┌────────

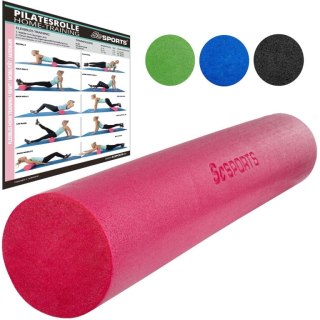 Wałek do masażu i rehabilitacji EPS 90 cm różowy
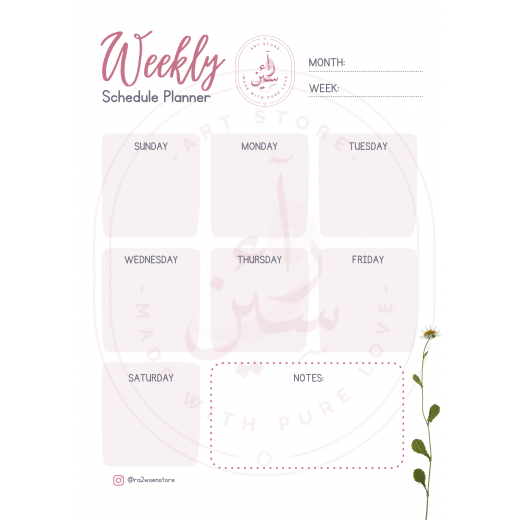 Ra2 w Sen, Magnetic Weekly Planner, 3pieces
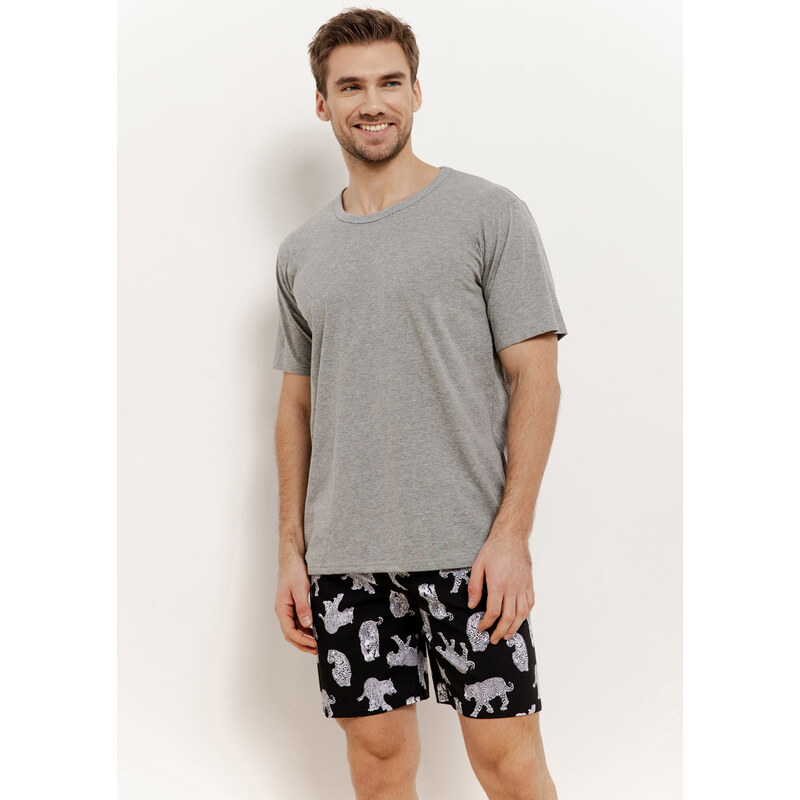 TARO Pánske pyžamo Clark3412 ss51-sivá L 66679987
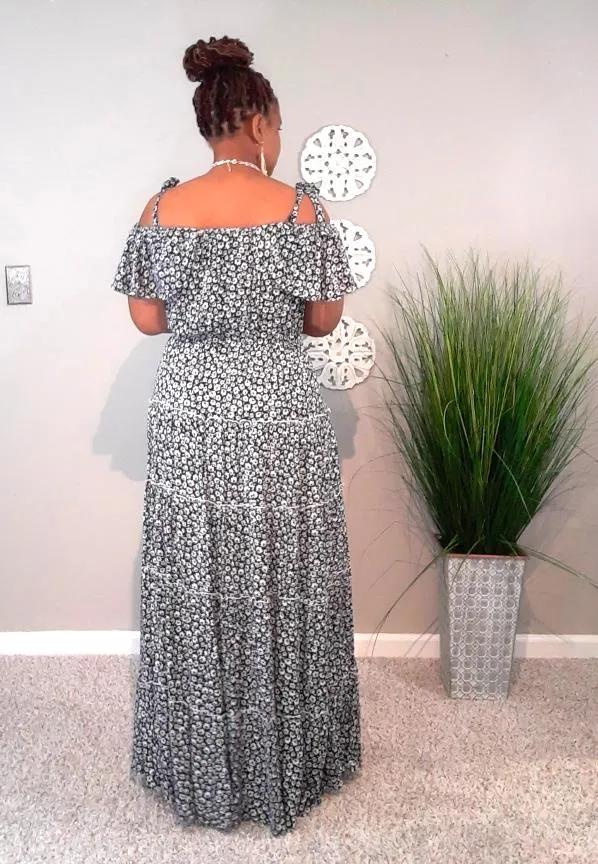 Precious Maxi Dress-Plus Size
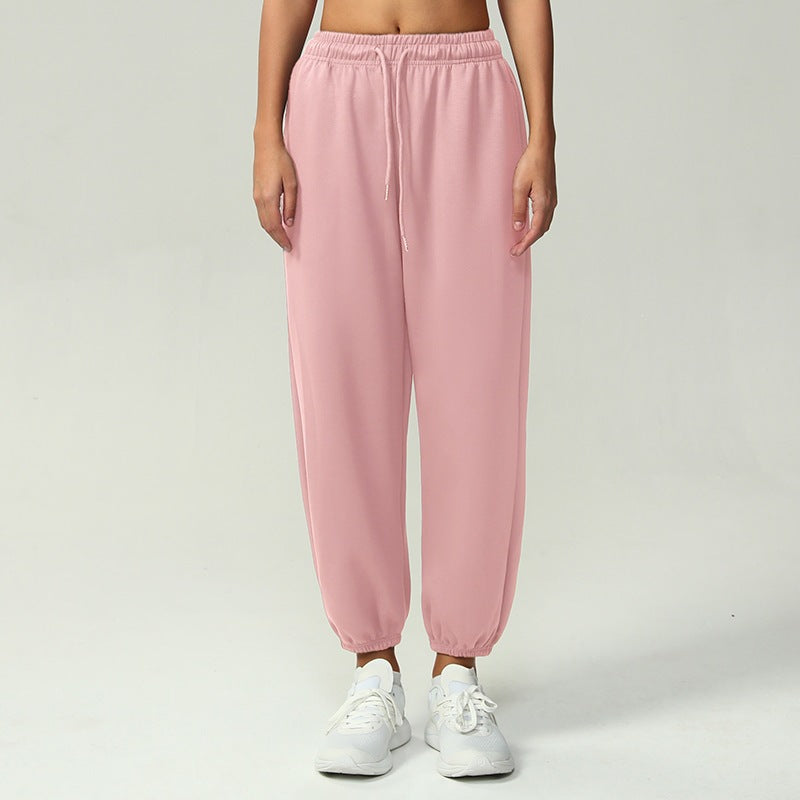 Damen nan atmungsaktive Performance-Joggerhose mit hohem Komfortbund, verstellbarem Kordelzug und elastischen Schlauchbündchen EB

└────────

**TASK**:
Transcribe the whole listing exactly. Pictures stay out of your copy.

**PROBLEM SOLUTION**:
 Wałek do masażu i rehabilitacji EPS 90 cm różowy
 Ra2 w Sen, Magnetic Weekly Planner, 3pieces
 TARO Pánske pyžamo Clark3412 ss51-sivá L 66679987
 Precious Maxi Dress-Plus Size
 Damen nan atmungsaktive Performance-Joggerhose mit hohem Komfortbund, verstellbarem Kordelzug und elastischen Schlauchbündchen EB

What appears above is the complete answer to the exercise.